• **Instructions for the task**
Write down exactly what lies from the line containing "Lahome rainbow reversible" to the end of the records, inclusive, and omit the pictures.
"""
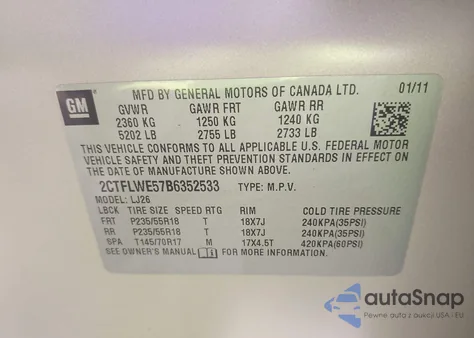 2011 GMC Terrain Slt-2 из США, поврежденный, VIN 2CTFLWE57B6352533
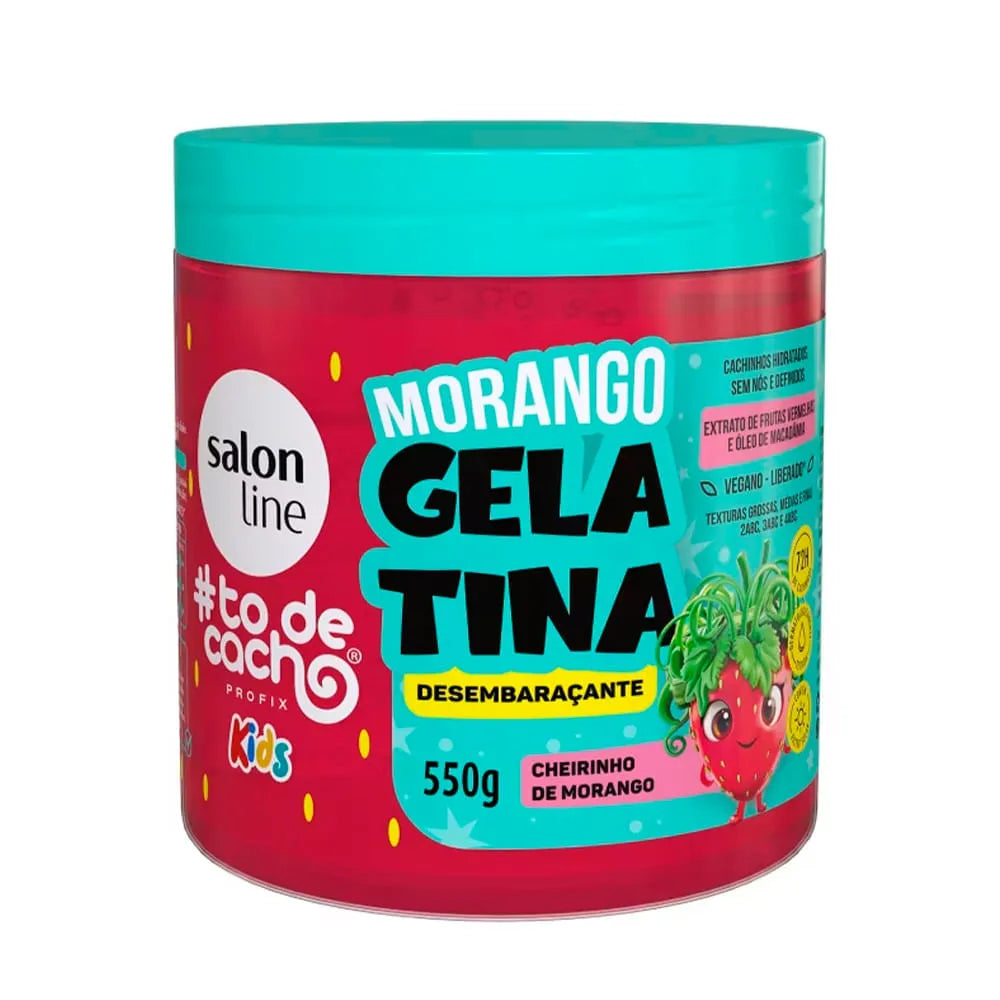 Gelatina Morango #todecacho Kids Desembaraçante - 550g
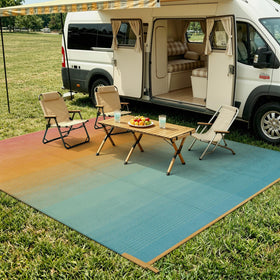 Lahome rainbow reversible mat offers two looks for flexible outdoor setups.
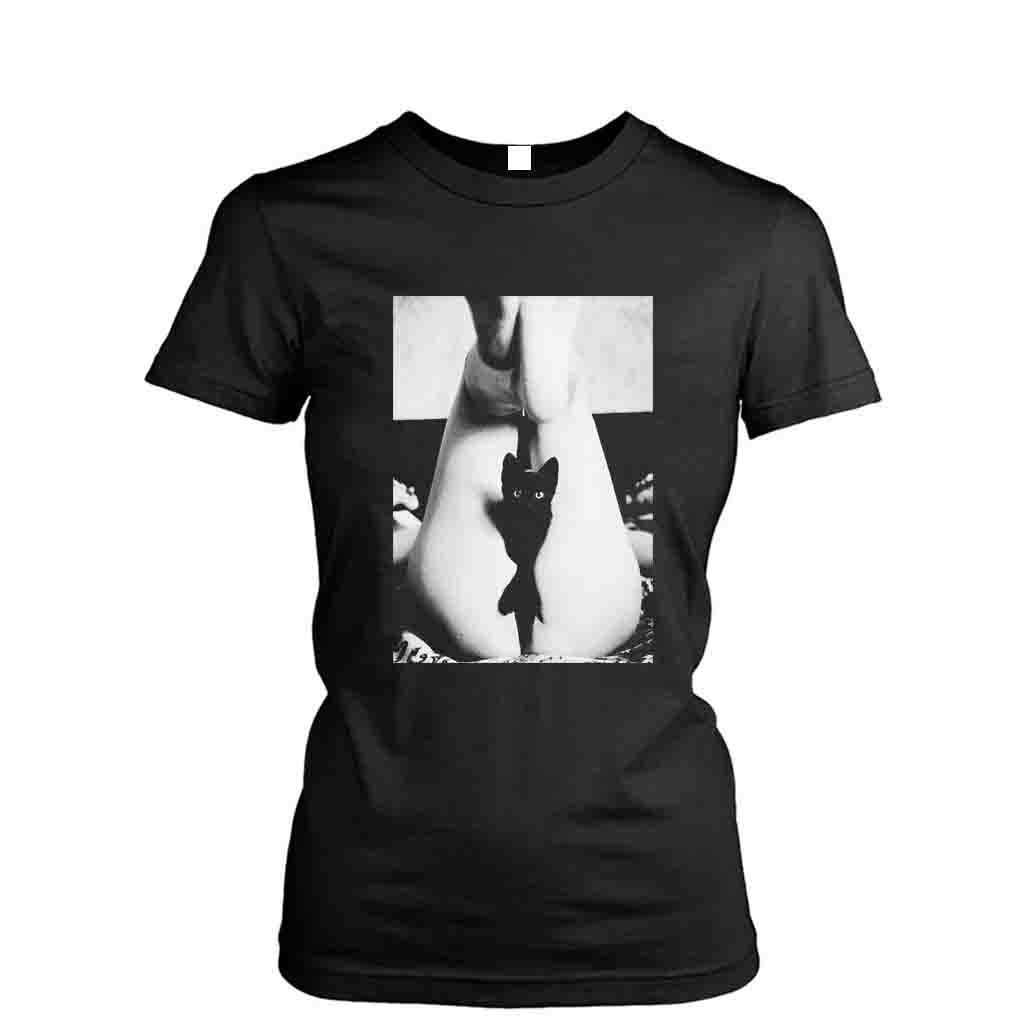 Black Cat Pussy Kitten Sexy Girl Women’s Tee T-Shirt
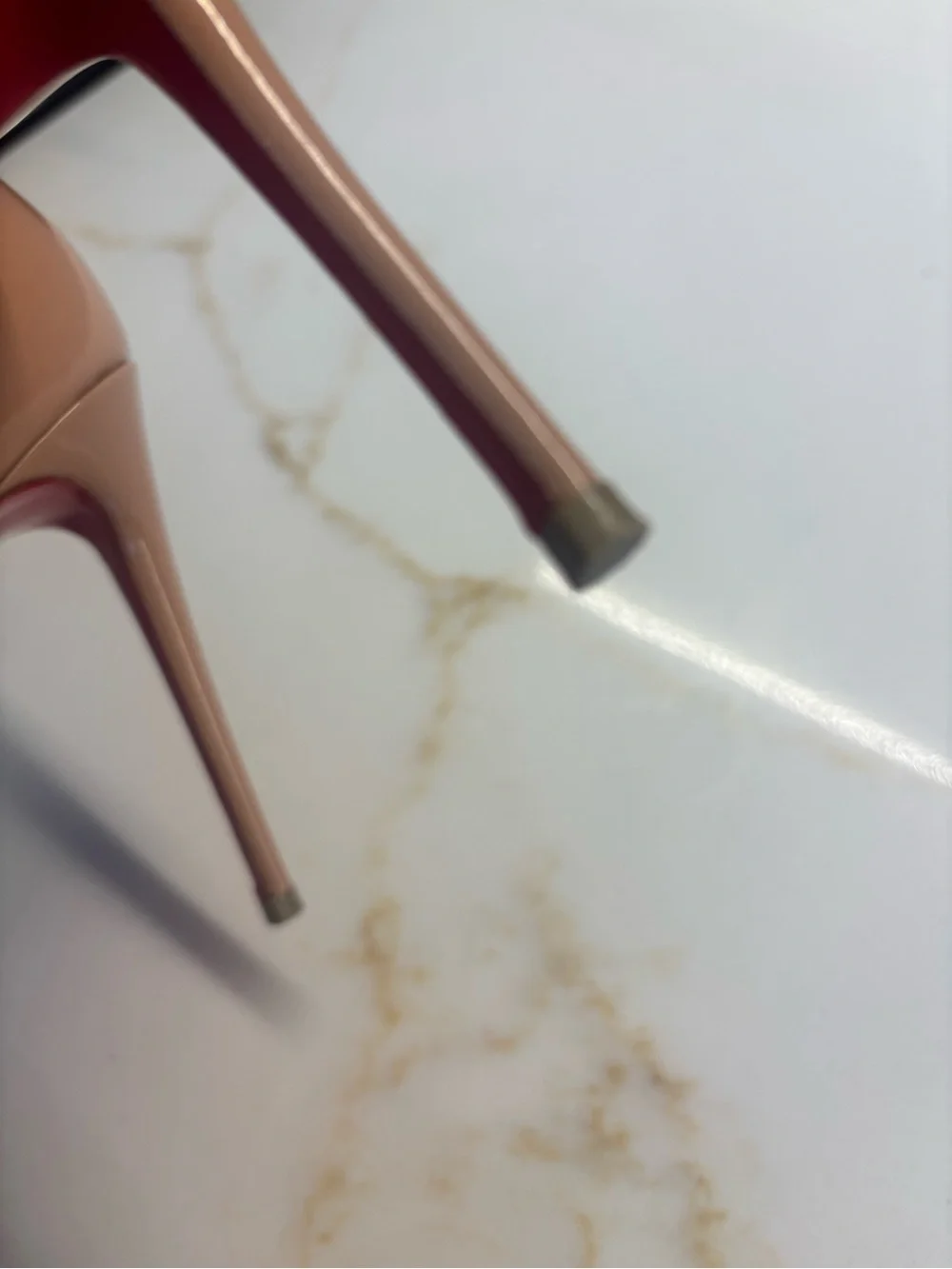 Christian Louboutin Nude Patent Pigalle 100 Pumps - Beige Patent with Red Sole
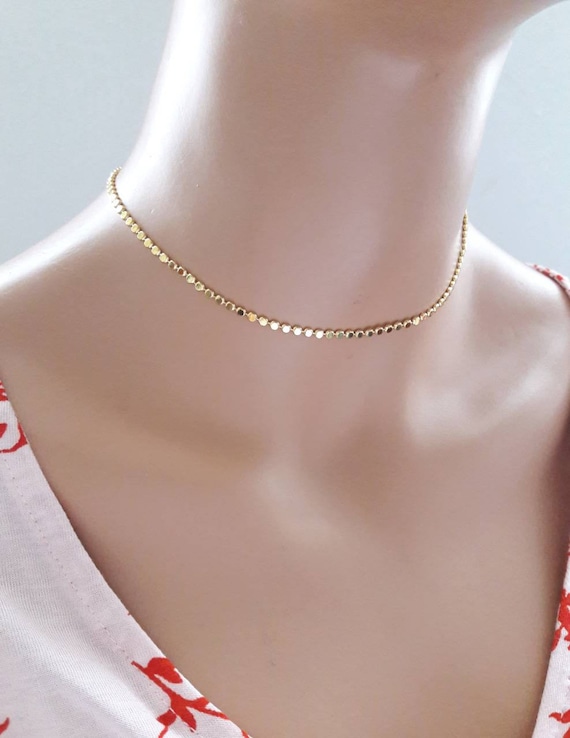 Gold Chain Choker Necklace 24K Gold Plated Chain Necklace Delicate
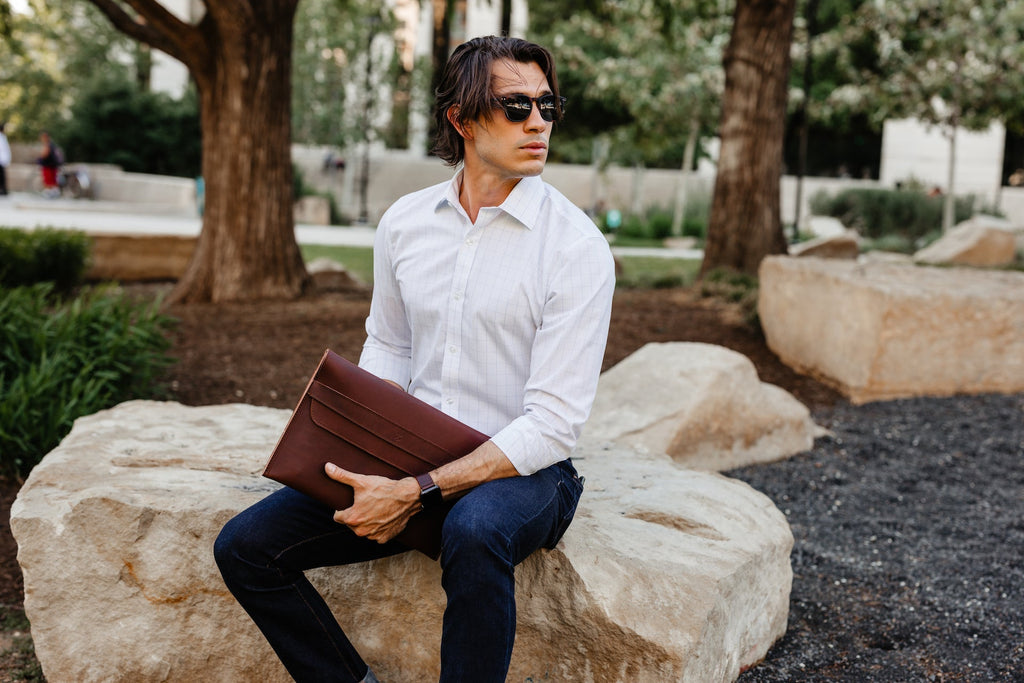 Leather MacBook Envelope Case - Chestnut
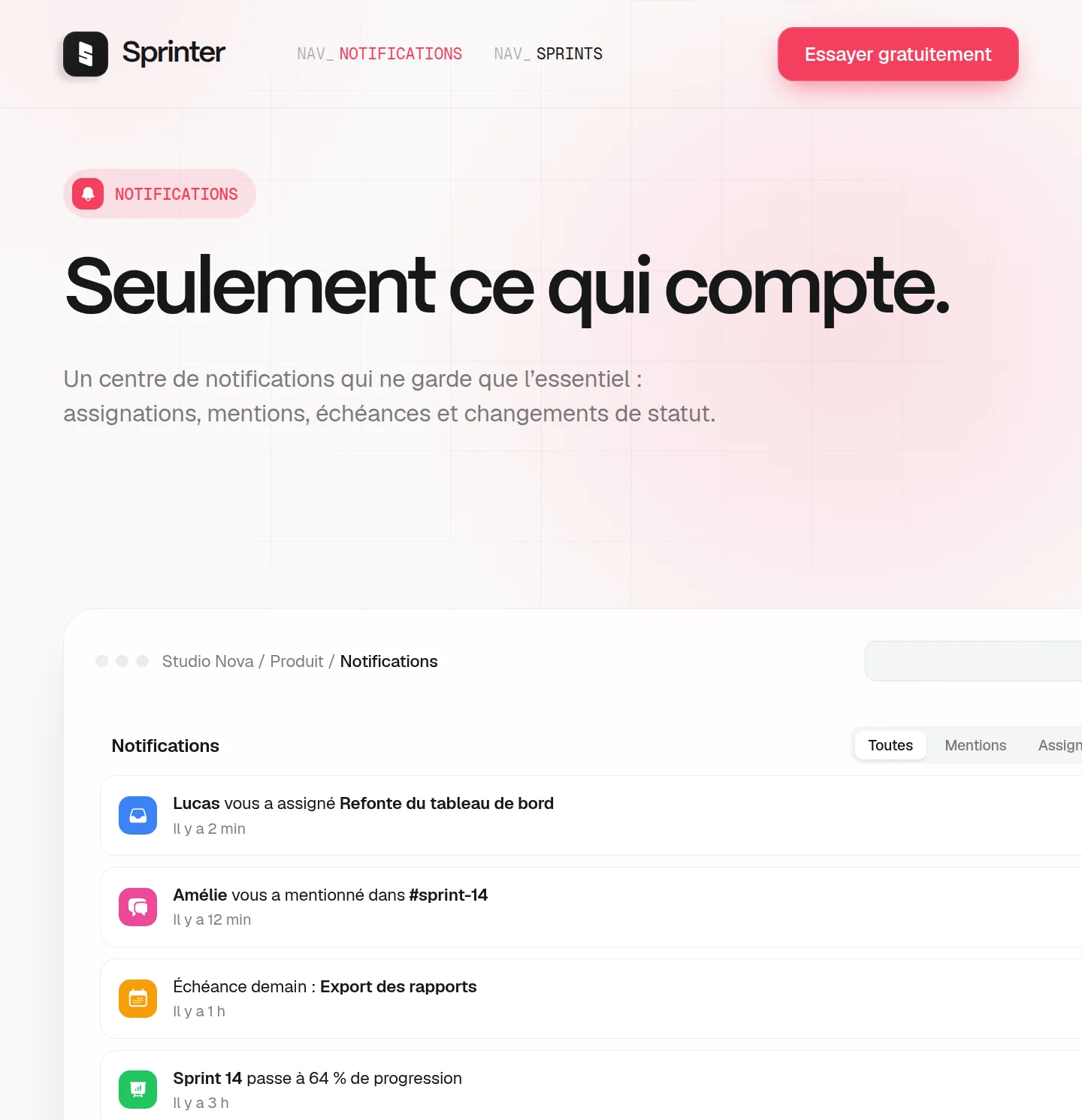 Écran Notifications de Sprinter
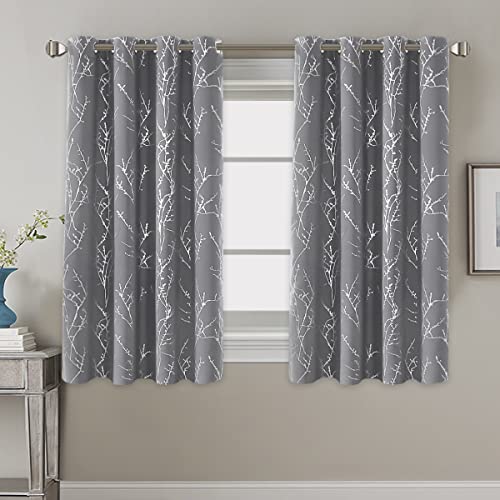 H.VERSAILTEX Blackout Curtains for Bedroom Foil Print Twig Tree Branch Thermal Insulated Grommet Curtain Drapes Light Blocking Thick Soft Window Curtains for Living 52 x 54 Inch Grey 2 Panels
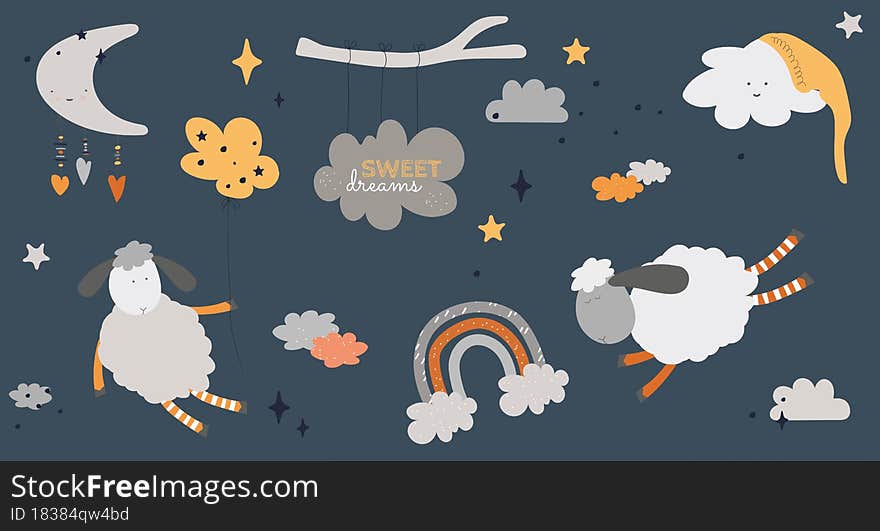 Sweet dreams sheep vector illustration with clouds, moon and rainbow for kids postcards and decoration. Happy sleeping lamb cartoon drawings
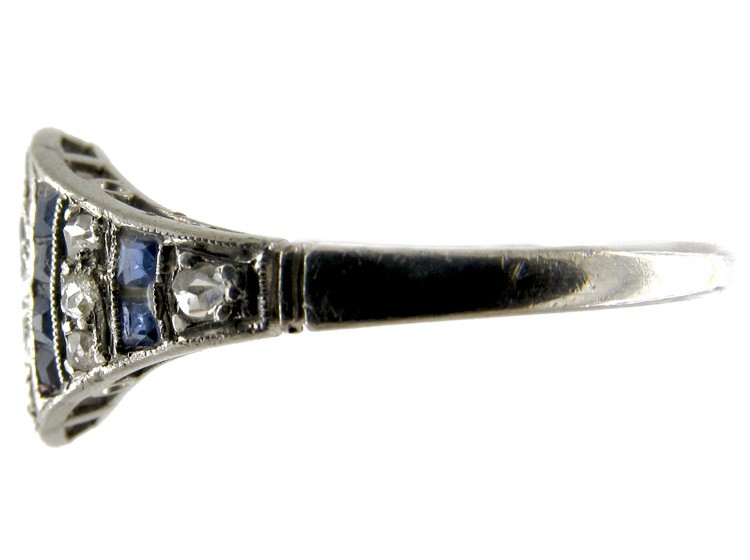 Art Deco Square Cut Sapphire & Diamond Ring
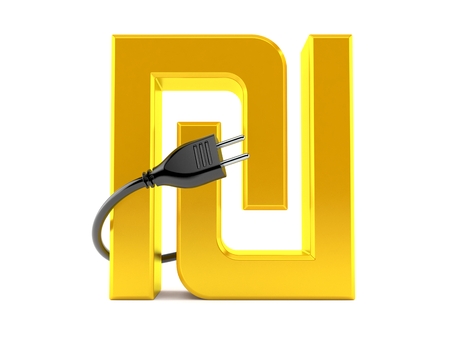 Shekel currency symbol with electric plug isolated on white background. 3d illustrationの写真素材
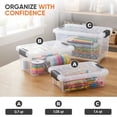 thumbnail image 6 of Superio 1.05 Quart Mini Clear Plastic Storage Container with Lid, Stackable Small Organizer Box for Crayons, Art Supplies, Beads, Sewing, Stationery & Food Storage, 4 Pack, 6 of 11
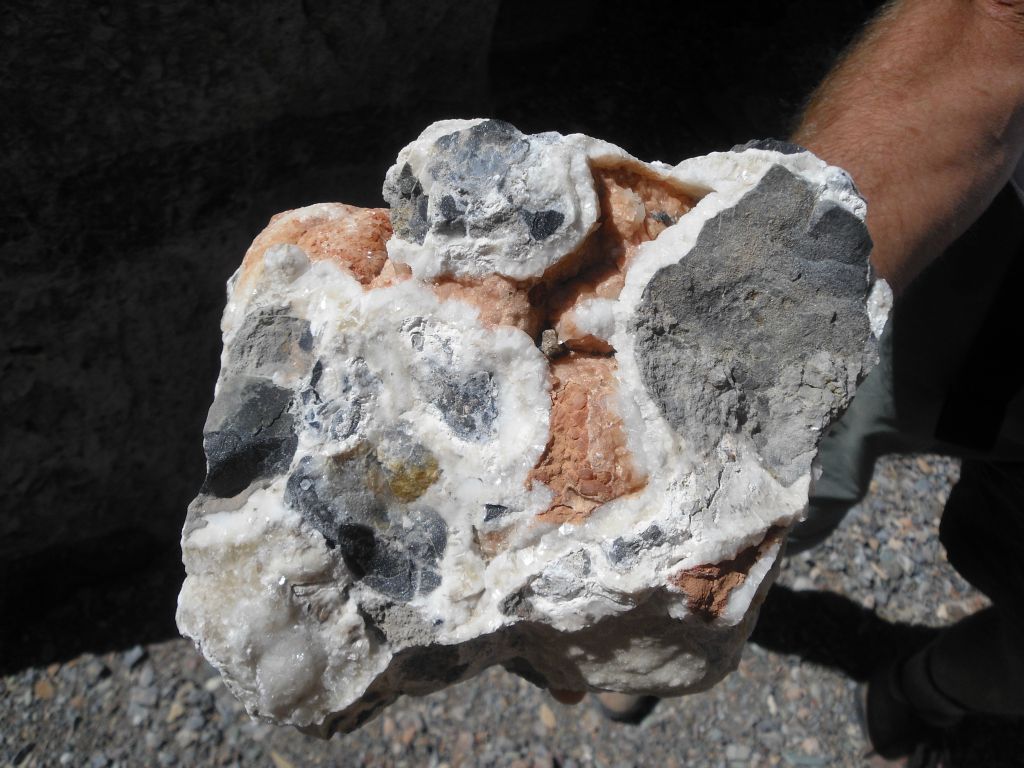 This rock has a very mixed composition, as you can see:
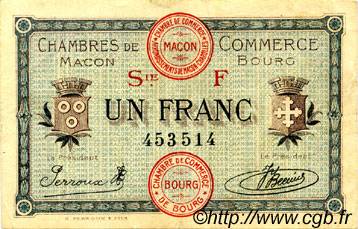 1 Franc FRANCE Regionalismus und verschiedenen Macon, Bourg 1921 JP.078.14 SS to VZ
"""
• **Answer box**
 Lahome rainbow reversible mat offers two looks for flexible outdoor setups.
 Black Cat Pussy Kitten Sexy Girl Women’s Tee T-Shirt
 Christian Louboutin Nude Patent Pigalle 100 Pumps - Beige Patent with Red Sole
 Gold Chain Choker Necklace 24K Gold Plated Chain Necklace Delicate
 Leather MacBook Envelope Case - Chestnut
 Écran Notifications de Sprinter
 H.VERSAILTEX Blackout Curtains for Bedroom Foil Print Twig Tree Branch Thermal Insulated Grommet Curtain Drapes Light Blocking Thick Soft Window Curtains for Living 52 x 54 Inch Grey 2 Panels
 Sweet dreams sheep vector illustration with clouds, moon and rainbow for kids postcards and decoration. Happy sleeping lamb cartoon drawings
 Art Deco Square Cut Sapphire & Diamond Ring
 Shekel currency symbol with electric plug isolated on white background. 3d illustrationの写真素材
 thumbnail image 6 of Superio 1.05 Quart Mini Clear Plastic Storage Container with Lid, Stackable Small Organizer Box for Crayons, Art Supplies, Beads, Sewing, Stationery & Food Storage, 4 Pack, 6 of 11
 This rock has a very mixed composition, as you can see:
 1 Franc FRANCE Regionalismus und verschiedenen Macon, Bourg 1921 JP.078.14 SS to VZ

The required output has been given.